§ Your assignment
Within the listing below, give again exactly the lines between the one containing "Click on Export" and the one containing "It is easy to download, it", inclusive, pictures left aside.

§ The input
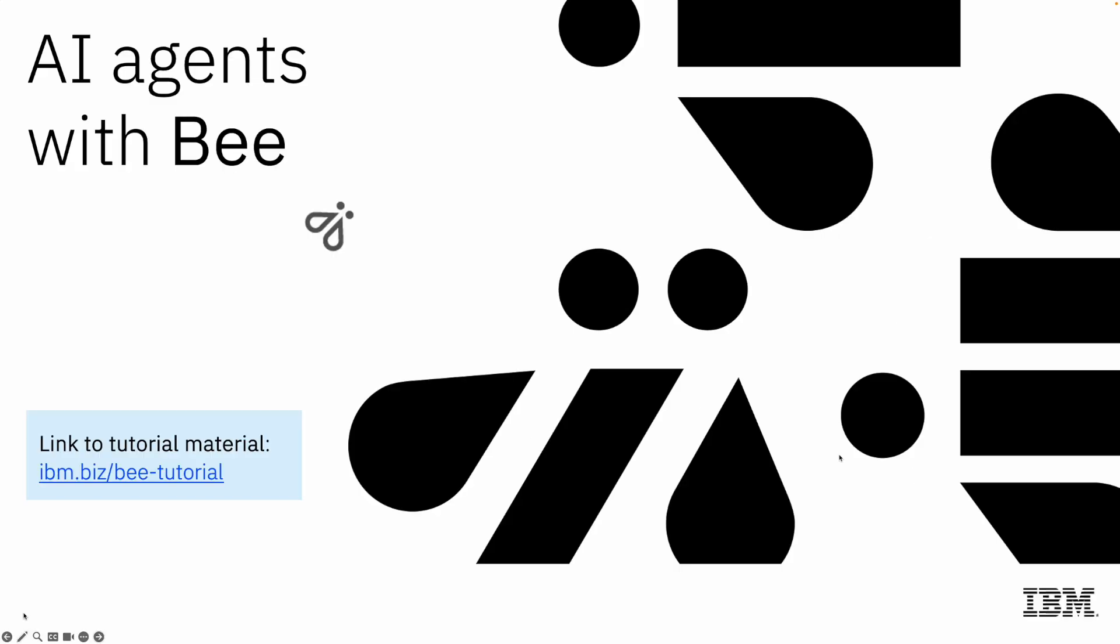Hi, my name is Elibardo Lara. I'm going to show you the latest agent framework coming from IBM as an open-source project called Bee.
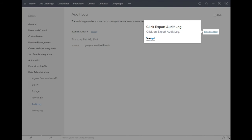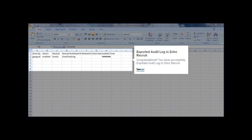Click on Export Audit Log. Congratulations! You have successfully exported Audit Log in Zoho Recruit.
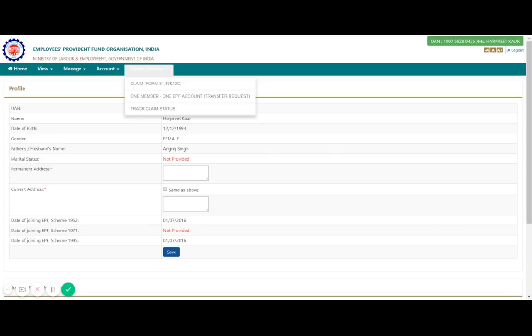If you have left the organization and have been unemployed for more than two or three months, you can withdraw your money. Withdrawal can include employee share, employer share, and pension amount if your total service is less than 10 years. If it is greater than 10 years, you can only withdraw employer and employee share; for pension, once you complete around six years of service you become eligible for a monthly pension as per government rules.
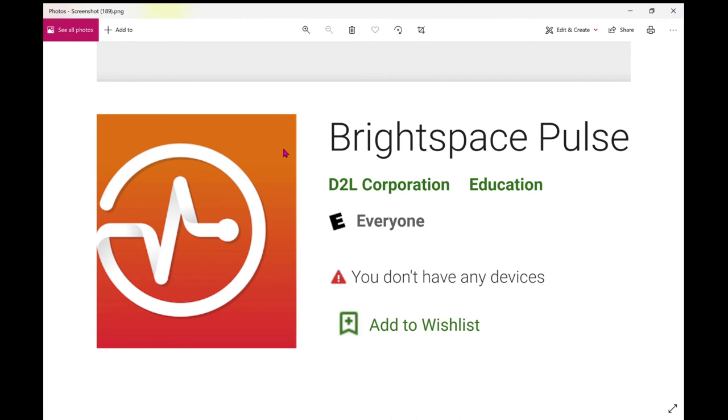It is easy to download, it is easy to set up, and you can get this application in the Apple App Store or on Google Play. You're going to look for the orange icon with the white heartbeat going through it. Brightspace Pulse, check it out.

--

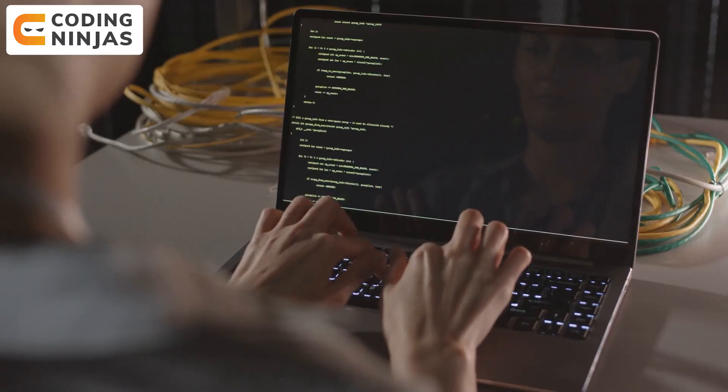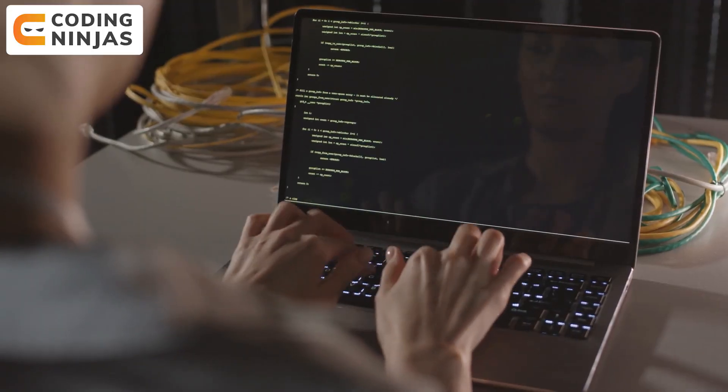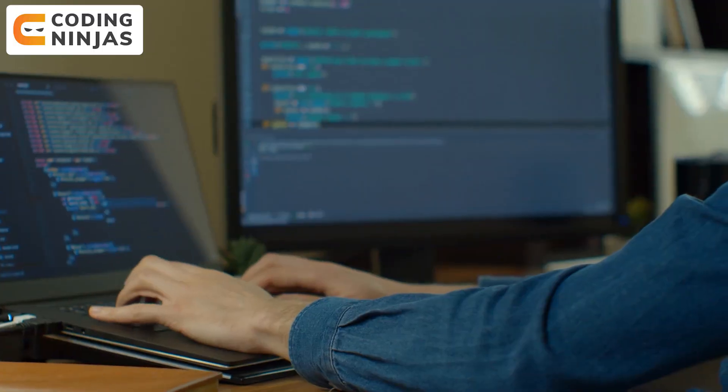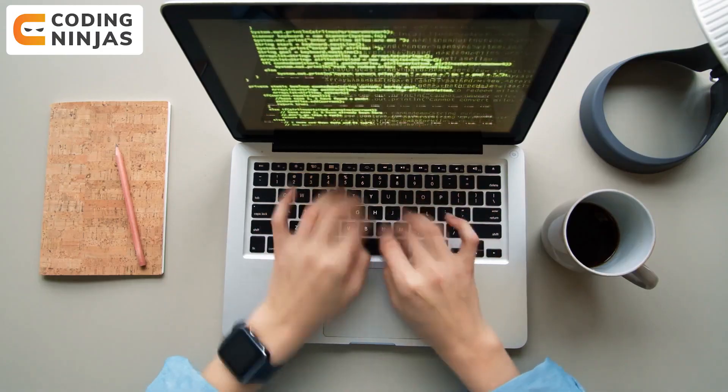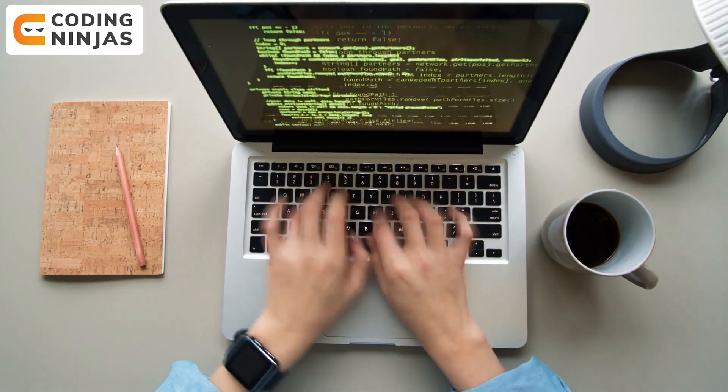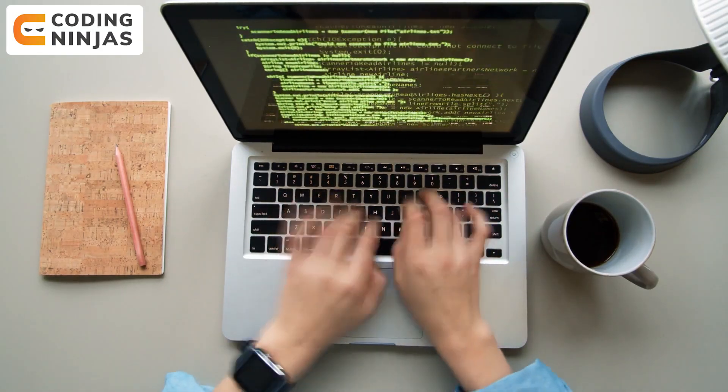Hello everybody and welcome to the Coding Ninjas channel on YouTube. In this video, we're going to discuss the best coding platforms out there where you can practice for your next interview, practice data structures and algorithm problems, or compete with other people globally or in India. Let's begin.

§ Answer space
Click on Export Audit Log. Congratulations! You have successfully exported Audit Log in Zoho Recruit.
If you have left the organization and have been unemployed for more than two or three months, you can withdraw your money. Withdrawal can include employee share, employer share, and pension amount if your total service is less than 10 years. If it is greater than 10 years, you can only withdraw employer and employee share; for pension, once you complete around six years of service you become eligible for a monthly pension as per government rules.
It is easy to download, it is easy to set up, and you can get this application in the Apple App Store or on Google Play. You're going to look for the orange icon with the white heartbeat going through it. Brightspace Pulse, check it out.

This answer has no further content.